The life-cycle of good quality data

Young Sprout Grow In Dirt With Sun

It’s not too weird to think about data like a tree. Once planted, a dataset keeps growing, taps into new information and, more importantly, its value also goes through different seasons.

Information analysts describe this as the “lifecycle” of data. The same dataset might be useful today and useless tomorrow, but then suddenly become useful again ten years later.

Like any other asset (both tangible and intangible), data can decay in value depending on the contextual circumstances of the business and the wider market, according to a recent paper by the International Valuation Standards Council (IVSC).

The IVSC explained that most data is deployed ultimately to inform decision-making. But sometimes a leader can’t wait for the perfect data. In times of urgency, limited data can be better than no data at all. But that’s no excuse for laziness. Even limited data needs to be high-quality.

An example used in the report was that to begin exploration in the oil fields in the North Sea in 2001, perfect data was not required. Even broad data that showed a fraction of the full picture was sufficient for CEOs of oil majors to plan how they might get the energy out of the ground.

“The initial expectations for oil fields in the North Sea were that only about 20-40% of oil would be recovered. Technological progress allowed those rates to be much higher, and for the reserves to be revised upwards. Initial estimates were doubly wrong: oil companies succeeded in extracting a higher proportion of much larger reserves of oil in place than had been initially expected,” said the IVSC report.

This is an interesting point by the IVSC. It implies that although data can decay in value over time, it never quite reaches zero.

Obviously, the most current data for North Sea oil reserves is the most valuable to investors and oil companies. But the first datasets ever captured about the oil fields still play a critical part in painting the full picture of the oil fields, how they have been exhausted over the intervening years and where the best locations for future drilling might be.

Like a deciduous tree, the early data had its Summer months, before slipping into Winter and then finally being reborn again with a new Spring to be useful once more. In other words, treating data as a snapshot in time can extend its value long after its “best by” date.

Another example floated by the IVSC was occurring in the interaction of artificial intelligence (AI) and data.

In the race to build robust AI systems, companies may not realise they have plenty of useful data lying around that could be mutually beneficial.  Even if your company isn’t dabbling in AI, other businesses that are would likely pay a pretty penny for access to that data.

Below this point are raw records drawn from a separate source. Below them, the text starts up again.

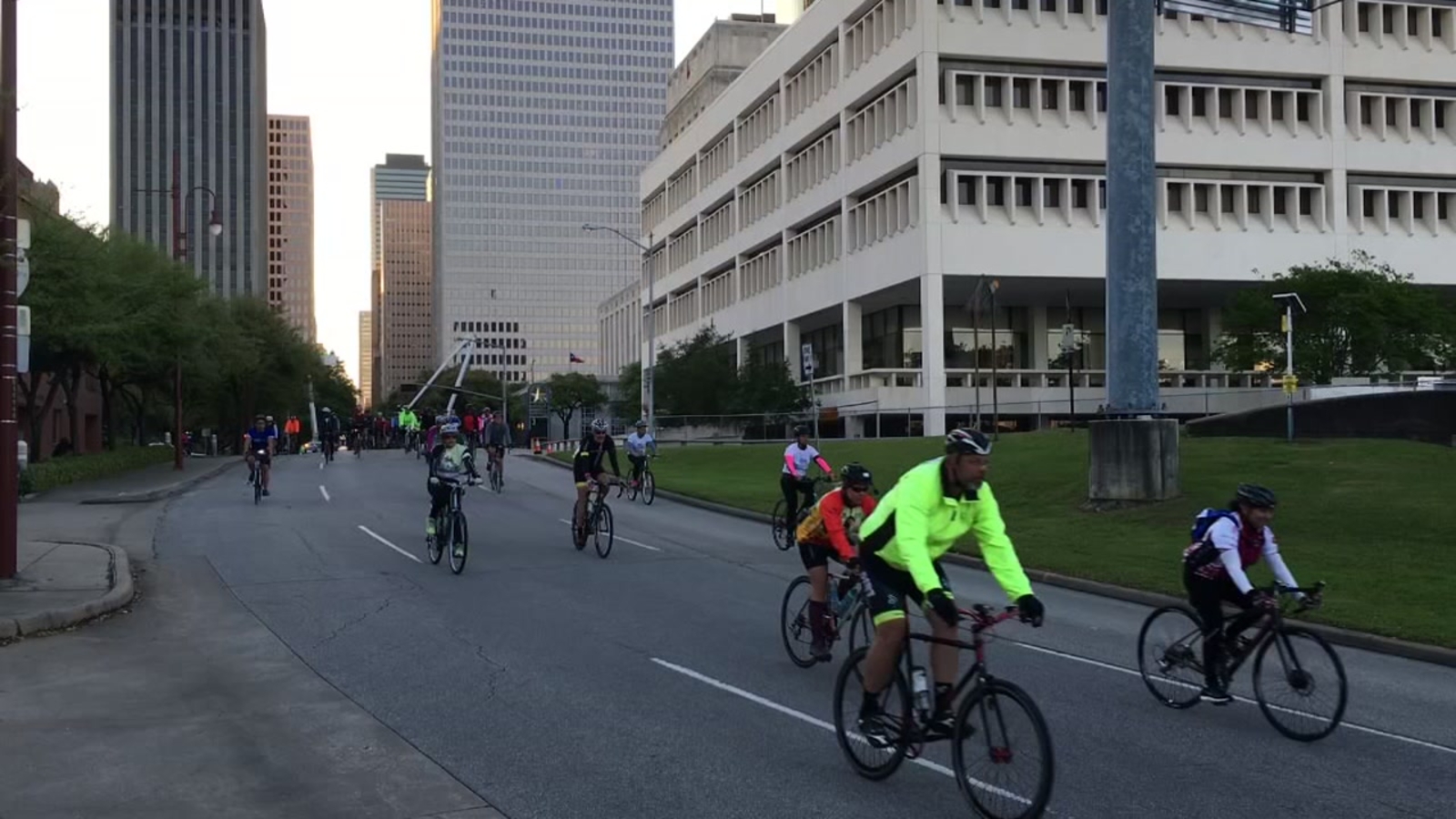 Annual Tour de Houston rolling this morning ABC13 Houston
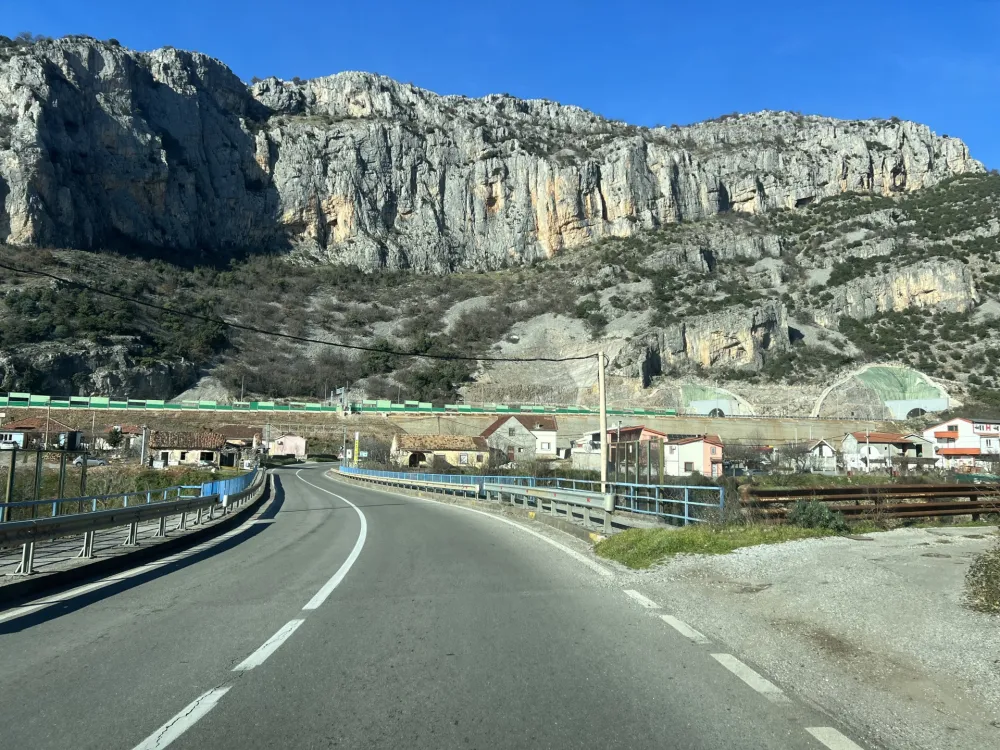 (FOTO) Stanovnici periferiјe zapostavljeni: Smokovac bez autobusa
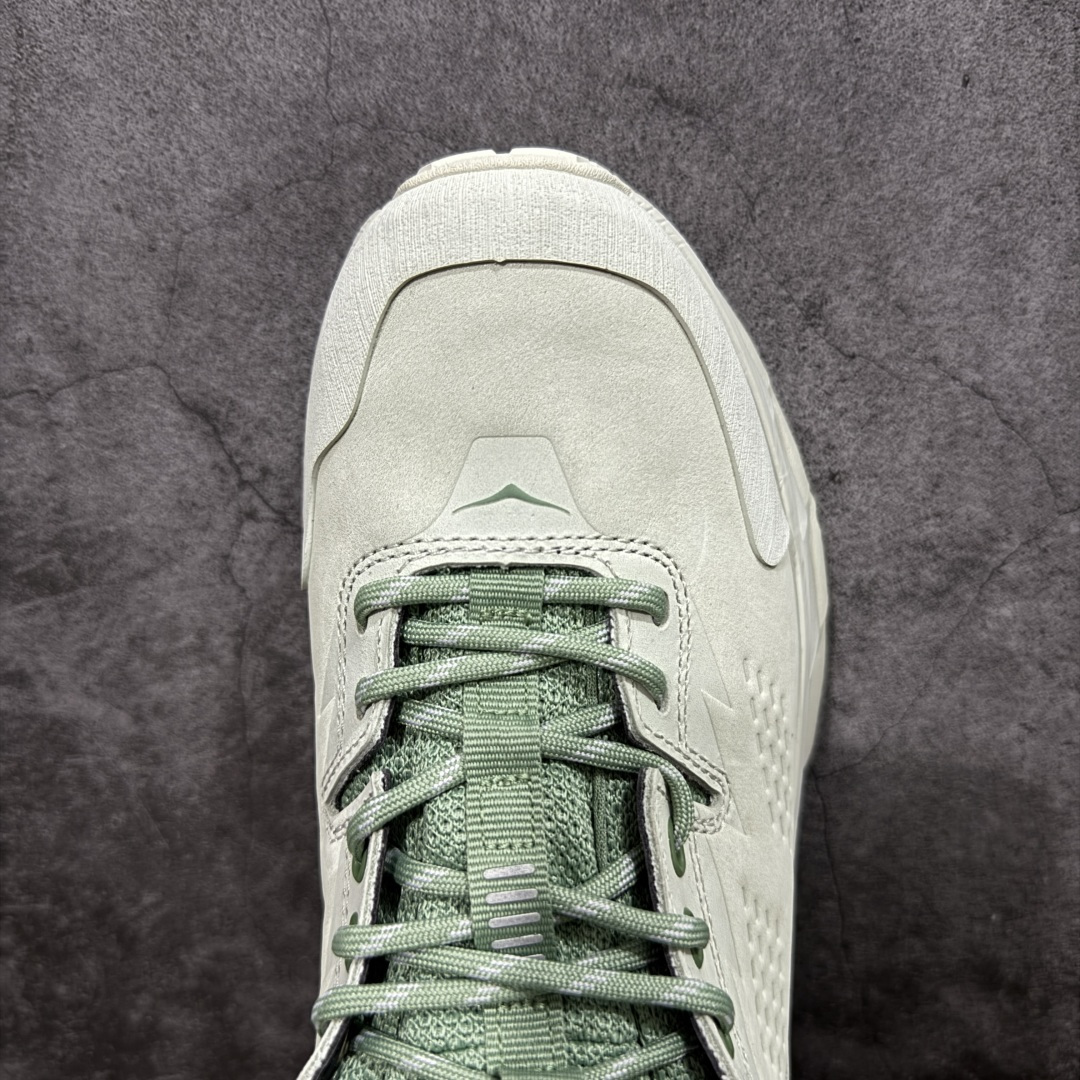 Running Shoes L-s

Weather data, for instance, is routinely gathered by local governments and also by small companies and NGOs. At the government level, most of this kind of data is taxpayer-funded, so it is public by default. Who might be interested in this data? Retail companies, for example, may want to use it for teaching their AIs about all the factors that predict customer traffic in shopping malls – weather being one of these factors.

Autonomous car companies might also be interested in high-quality weather data to help train their vehicles to predict road conditions. There could be plenty of valuable information sitting idle in the computers of thousands of unsuspecting companies. Even if there’s no longer a use for it in your business doesn’t mean other firms can’t give it new life.

Of course, because AI tends to be fantastic at picking up patterns, mixing databases together might reveal that some data isn’t as valuable as its owners originally thought. A company could spend years building a database, only to find that it isn’t as good as an external database that was relatively easy to access.

Weather data gathered from satellites, for example, may be superseded by data from thousands of small wind turbines on rooftops or sun-hours data gathered from solar panels. Imagine if your company had spent millions putting satellites into space. All that effort for nothing!

Would that mean the satellite data has no value? Not at all. There may be another use for that data in the future. Different companies might come up with intriguing ways to put that data to work, and pay for it. Maybe your own company will discover new use cases.

Suddenly, green shoots could appear on the seemingly dead branches.

The key point here is that the value of data never drops to zero. So long as the data is high-quality, there will be a market for it somewhere, somewhen. Datasets that sit idle for years can be reinvigorated when a fresh idea pops into an engineer’s head or a joint venture is signed.

But don’t start collecting all kinds of data on the off-chance it might be valuable someday. That would definitely be a waste of resources. Having data doesn’t automatically make a company valuable. It needs to be gathered for a specific purpose with a clear strategy. Otherwise, it’s all just ones and zeroes clogging up the server space. No one wants that.

High-quality data is like a deciduous tree moving through the seasons. The leaves could stay lush for years and suddenly turn brown as a different technology emerges to make it all redundant.

But perhaps someday, that dataset could see the green shoots of Spring as it discovers new and greater value than ever before. That’s the life cycle of data.